A Focus on Masonic Research, News, and other Tidbits

Homo sum; humani nihil a me alienum puto.

Sunday, September 21, 2008

Laying of a Cornerstone

Yesterday, 13 September 2008, I had the pleasure of traveling to a Cornerstone Laying and Lodge Dedication ceremony at a new Lodge hall located outside of my district. I am almost ashamed to say that it is the first I have been able to attend during my ten years as a Freemason.

My traveling partner, my Lodge’s Senior Warden, and I were both immensely impressed with the ceremonies, which were conducted in fine style by our Grand Master and the Grand Lodge officers. The famed, one hundred and seventy-three year old Lafayette Trowel was used in the Cornerstone Laying.

The event was well attended – so much so that my Senior Warden and I ended up eating outside of the Lodge hall for want of a place to sit in the dining room. I didn’t complain, however, since the chance to gather with so many Masons and to participate in the Grand procession was well worth the inconvenience of squatting on my haunches as I ate a fine meal prepared by our immediate Past Grand Master. It is not everyday that you find a Grand Master serving as the cook!

If you have never witnessed a Cornerstone Laying or a Lodge Dedication, I highly recommend that you look for the time to attend one. I should not have waited so long to see one for myself.

Saturday, September 6, 2008

Firing of Guns

In the course of other research, I came across some interesting tidbits of information from the past that I’d like to share. The following newspaper accounts illustrate the enormous respect that Freemasonry apparently enjoyed during the 1700s.

The South Carolina Gazette reports on 28 December 1738:

Yesterday being the Festival of St. John the Evangelist, the day was ushered in with the firing of guns at sunrise from several ships in the harbor with all their colors flying. At 9 o’clock all the members of Solomon’s Lodge, belonging to the Ancient and Honorable Order of Free and Accepted Masons, met at the house of the Honorable James Crokatt, Esq., Master of the said Lodge, and at 10, proceeded from thence, properly clothed with the Ensigns of their Order, and Music before them, to the house of the Provincial Grand Master, James Graeme, Esq., where a Grand Lodge was held…

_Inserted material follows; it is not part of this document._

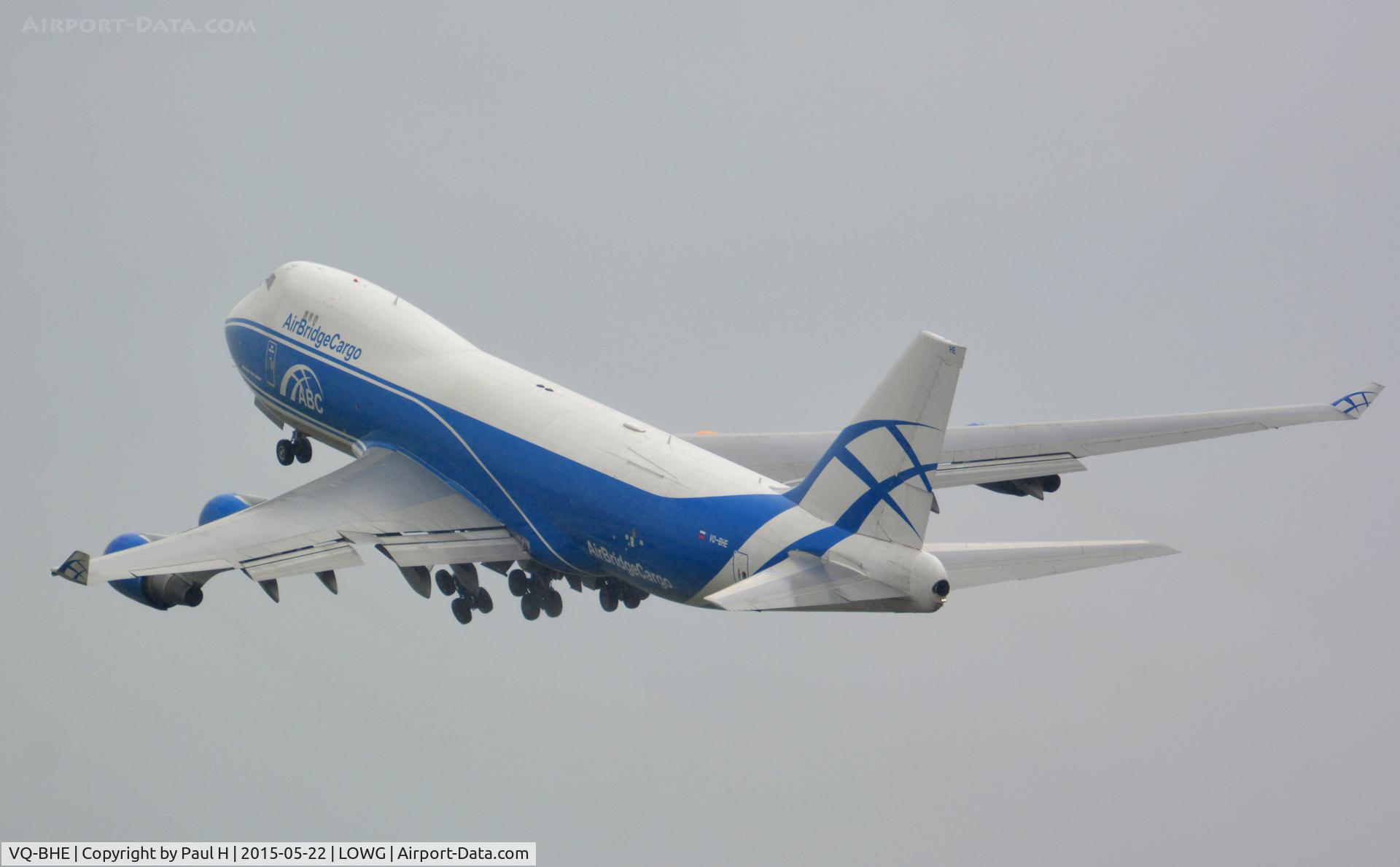 VQ-BHE, 2008 Boeing 747-4KZF (SCD) C/N 36784, B-747 for RedBull Air-Race Rovinj 2015, at LOWG, waving good bye during take-off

The Gazette further reports on that same date:
After an elegant dinner, all the brethren were invited by Capt. Thomas White on board the Hope; there several loyal healths were drank, and at their coming on board and return on shore, they were saluted by the discharge of 39 guns, being the same number observed in each of the different salutes of this day, so that in all there were about 250 guns fired. The evening was concluded with a ball and entertainment for the ladies, and the whole was performed with much grandeur and decorum.
The 1 January 1741 edition of the Gazette published the following – almost word for word as the December 1738 account:

Saturday last [27th of December, 1740] being the festival of St. John the Evangelist, the day was ushered in with firing of guns at sunrise, from several ships in the harbor, with all their colors flying.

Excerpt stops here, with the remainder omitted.